L’arrêt du 15 mars 2017 vient refuser l’application de ce régime protecteur aux salariées étrangères ne disposant pas de titre autorisant l’activité salariée en France. Ainsi, ces dernières ne bénéficient pas en principe des dispositions légales protectrices de la femme enceinte interdisant ou limitant les cas de licenciement.
Selon l’attendu de la Cour de cassation, cette solution repose sur le fait que les dispositions de police des étrangers prévues à l’article L. 8251-1 du Code du travail sont d’ordre public. Les dispositions dudit article prohibent l’emploi d’un étranger non muni du titre l’autorisant à exercer une activité salariée en France.
L’importance de cet arrêt réside dans la résolution du conflit entre ces deux dispositions impératives.
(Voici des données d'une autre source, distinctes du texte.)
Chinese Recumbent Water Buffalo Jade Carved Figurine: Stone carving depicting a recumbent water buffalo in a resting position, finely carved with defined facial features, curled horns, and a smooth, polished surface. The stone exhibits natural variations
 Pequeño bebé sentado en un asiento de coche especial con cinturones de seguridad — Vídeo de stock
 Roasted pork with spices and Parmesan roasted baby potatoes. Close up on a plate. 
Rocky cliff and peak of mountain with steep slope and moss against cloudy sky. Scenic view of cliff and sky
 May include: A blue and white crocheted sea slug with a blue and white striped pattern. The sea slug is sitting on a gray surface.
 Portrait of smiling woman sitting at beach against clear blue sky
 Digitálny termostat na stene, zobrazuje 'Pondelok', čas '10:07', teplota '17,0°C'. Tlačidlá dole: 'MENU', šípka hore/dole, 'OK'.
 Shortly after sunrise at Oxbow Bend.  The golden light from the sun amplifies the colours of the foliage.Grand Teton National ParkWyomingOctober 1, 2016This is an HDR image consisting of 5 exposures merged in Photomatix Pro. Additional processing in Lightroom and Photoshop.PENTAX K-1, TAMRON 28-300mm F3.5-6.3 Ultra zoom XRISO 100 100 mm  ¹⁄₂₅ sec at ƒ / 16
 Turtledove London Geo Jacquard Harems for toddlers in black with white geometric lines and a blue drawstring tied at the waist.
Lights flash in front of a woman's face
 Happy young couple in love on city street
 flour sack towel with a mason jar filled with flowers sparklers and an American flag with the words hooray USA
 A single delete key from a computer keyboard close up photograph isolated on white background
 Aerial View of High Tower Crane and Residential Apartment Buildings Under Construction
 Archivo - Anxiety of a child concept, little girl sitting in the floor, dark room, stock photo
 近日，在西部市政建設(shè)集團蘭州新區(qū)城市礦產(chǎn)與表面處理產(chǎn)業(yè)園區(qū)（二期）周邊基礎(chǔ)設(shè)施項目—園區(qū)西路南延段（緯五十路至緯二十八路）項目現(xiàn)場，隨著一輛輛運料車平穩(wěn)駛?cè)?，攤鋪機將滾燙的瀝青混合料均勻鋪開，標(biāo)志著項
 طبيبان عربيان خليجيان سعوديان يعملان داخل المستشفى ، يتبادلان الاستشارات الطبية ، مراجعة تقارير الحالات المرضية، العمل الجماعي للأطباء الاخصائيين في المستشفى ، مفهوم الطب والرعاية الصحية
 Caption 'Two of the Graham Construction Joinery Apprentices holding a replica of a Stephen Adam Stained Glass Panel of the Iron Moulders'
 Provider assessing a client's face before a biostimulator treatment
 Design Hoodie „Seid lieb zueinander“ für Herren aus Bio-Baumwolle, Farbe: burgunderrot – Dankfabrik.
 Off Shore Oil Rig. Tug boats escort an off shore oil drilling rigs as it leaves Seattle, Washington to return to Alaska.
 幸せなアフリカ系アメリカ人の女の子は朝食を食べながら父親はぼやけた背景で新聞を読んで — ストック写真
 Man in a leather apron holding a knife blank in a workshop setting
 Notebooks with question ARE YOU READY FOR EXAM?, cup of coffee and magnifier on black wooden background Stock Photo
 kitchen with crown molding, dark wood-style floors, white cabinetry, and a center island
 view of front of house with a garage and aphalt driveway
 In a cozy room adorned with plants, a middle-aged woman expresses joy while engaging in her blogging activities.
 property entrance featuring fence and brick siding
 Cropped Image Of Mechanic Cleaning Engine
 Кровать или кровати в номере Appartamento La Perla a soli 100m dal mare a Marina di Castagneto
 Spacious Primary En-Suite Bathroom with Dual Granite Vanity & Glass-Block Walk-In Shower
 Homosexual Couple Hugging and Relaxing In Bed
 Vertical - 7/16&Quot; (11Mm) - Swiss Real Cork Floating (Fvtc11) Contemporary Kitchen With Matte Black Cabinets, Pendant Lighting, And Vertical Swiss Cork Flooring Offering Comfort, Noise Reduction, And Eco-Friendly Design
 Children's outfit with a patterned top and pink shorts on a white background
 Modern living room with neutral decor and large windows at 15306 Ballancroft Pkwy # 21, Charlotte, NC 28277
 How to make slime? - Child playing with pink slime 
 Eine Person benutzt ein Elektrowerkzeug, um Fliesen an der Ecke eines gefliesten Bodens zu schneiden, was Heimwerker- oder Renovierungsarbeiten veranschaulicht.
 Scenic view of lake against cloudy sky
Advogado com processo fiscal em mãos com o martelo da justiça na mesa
Selon la Chambre sociale, il s’agit, dans cette décision, de faire « prévaloir les dispositions de police des étrangers qui sont préalables à l’application d’une protection supposant un contrat de travail susceptible d’exécution ».
Relevons la sévérité de la solution retenue par la Cour de cassation qui conduit à exclure à certaines salariées le bénéfice non seulement des dispositions protectrices de la femme enceinte applicables dès le constat de grossesse mais aussi celles afférentes à la période de congé maternité.